The plain-English version is straightforward: Carvana buys cars from consumers, auctions, trade-ins, and other sources; reconditions and lists many of them on its website and mobile app; sells vehicles to retail customers; helps arrange financing; sells vehicle service contracts, GAP waiver coverage, and insurance-related products; and disposes of other vehicles through wholesale channels. The important analytical point is that the business is inventory-heavy and operationally intensive, but the customer interface is digital.

$20.322B
FY2025 net sales and operating revenues
596,641
FY2025 retail vehicle units sold
297,643
FY2025 wholesale vehicle units sold
1.6%
Carvana-estimated share of the 2024 U.S. used retail vehicle market

Why does the business matter?

Used-car retailing is large, fragmented, local, and historically low-tech. Carvana's proposition is that a customer can search a national inventory pool, price a trade-in, obtain financing, purchase add-ons, and schedule delivery with less friction than in a traditional dealership model. The scale opportunity is large because Carvana reported more than 37 million used-vehicle retail transactions in the U.S. market in 2024, while its own share was still only about 1.6% in FY2025.

Official company
Carvana Co. (CVNA)
Class A common stock trades on the NYSE; public investors own a listed holding company above Carvana Group.
Core market
Used cars online
The model is digital at the front end, but inventory, reconditioning capacity, and logistics discipline drive unit economics.
Customer groups
Buyers, sellers, lenders, wholesale buyers
Carvana monetizes retail demand, trade-in and direct-purchase vehicle supply, finance attach, add-on products, and wholesale disposition.
Geographic exposure
Primarily United States
Rates, used-car affordability, employment, consumer credit, gasoline prices, and state-level dealer regulation shape the operating backdrop.

How does Carvana make money?

Carvana earns revenue from three broad streams: retail vehicle sales, wholesale sales and revenues, and other sales and revenues. Retail vehicle sales are the largest line. Wholesale sales capture vehicles sold outside the retail channel and activity from the ADESA wholesale marketplace. Other sales and revenues include finance-related gains, vehicle service contracts, GAP waiver coverage, insurance-related commissions, and other complementary products. Carvana's Q1 2026 earnings release shows the same pattern at the latest reported period: retail units and revenue scale are the primary engine, while other revenues are unusually important to gross profit.

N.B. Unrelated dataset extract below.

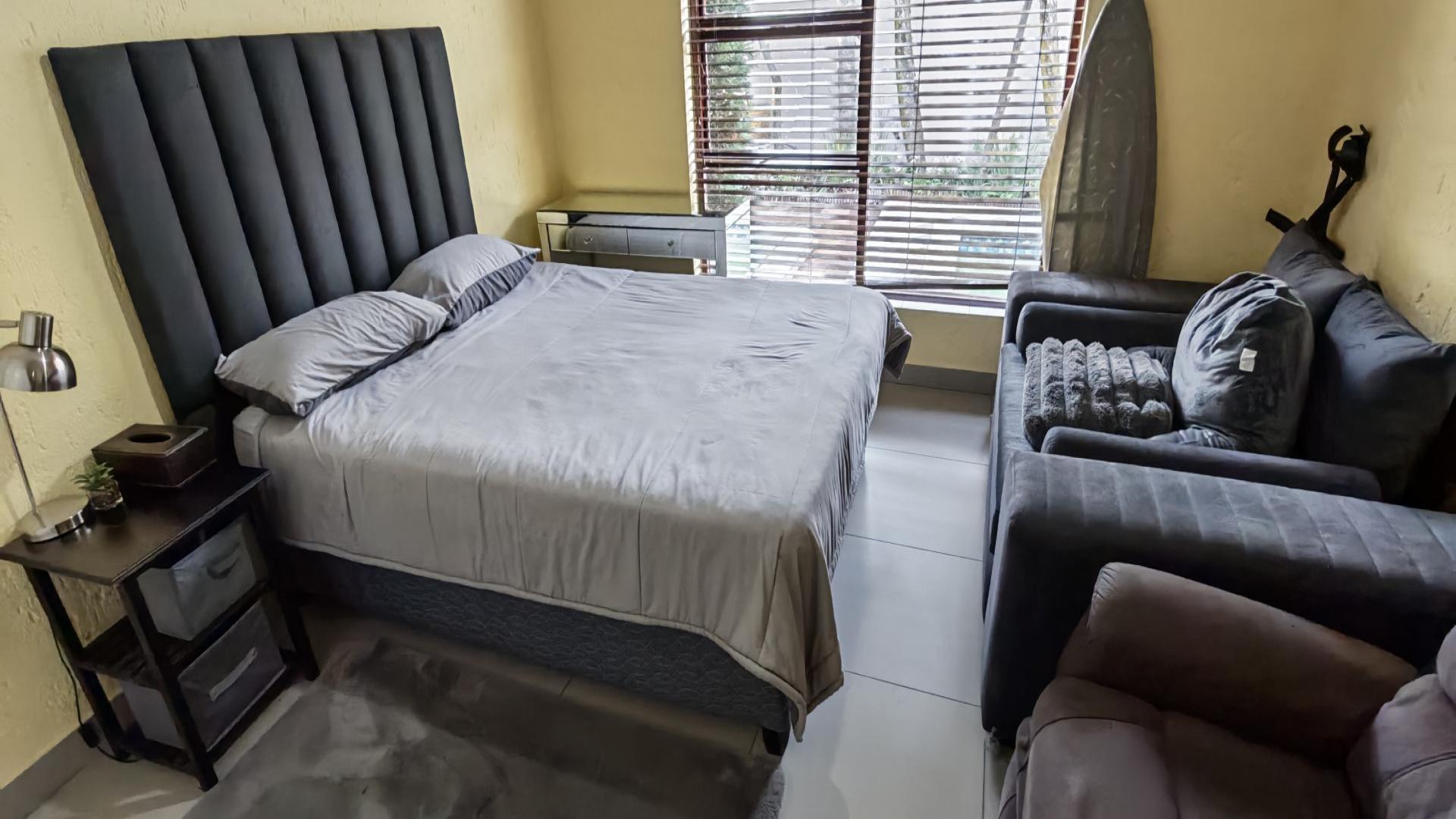 Bed Room 1 of property in Sunninghill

Which revenue stream is the economic engine?

Retail vehicle sales are the engine because retail unit volume determines most downstream monetization. More retail units can create more financing originations, more loan-sale gains, more service contract opportunities, and more trade-in or acquired vehicles for wholesale disposition. That is why Carvana emphasizes retail units sold, total gross profit per retail unit, and SG&A per retail unit rather than only revenue growth.

Revenue stream FY2025 revenue Q1 2026 revenue How it works
Retail vehicle sales $14.537B $4.828B Vehicle price, delivery and shipping fees, and some marketplace service revenue recognized when control passes to the customer.
Wholesale sales and revenues $4.052B $1.078B Wholesale sale proceeds and marketplace activity for vehicles not routed through the retail channel.
Other sales and revenues $1.733B $526M Loan-sale gains, VSCs, GAP waiver coverage, commissions, and related products with high gross-profit contribution.
1. Acquire vehicles
Sourcing comes from customers, trade-ins, auctions, and related channels.
2. Recondition and list
Inspection and reconditioning convert raw inventory into retail-ready units.
3. Sell online
Customers transact through the website or app with financing and add-ons embedded.
4. Monetize the ecosystem
Wholesale, loan sales, service contracts, and logistics deepen gross profit per unit.

Which segments and products matter most?

Carvana does not report business segments in the way a conglomerate might, but its revenue and gross profit disclosures are highly useful for segment-style analysis. In FY2025, retail vehicle sales represented about 71.5% of revenue, wholesale represented about 19.9%, and other sales and revenues represented about 8.5%. The gross-profit mix is different: other sales and revenues equaled $1.733 billion of gross profit because those items are disclosed as 100% gross margin products, while retail vehicle gross profit was $1.978 billion and wholesale gross profit was $481 million.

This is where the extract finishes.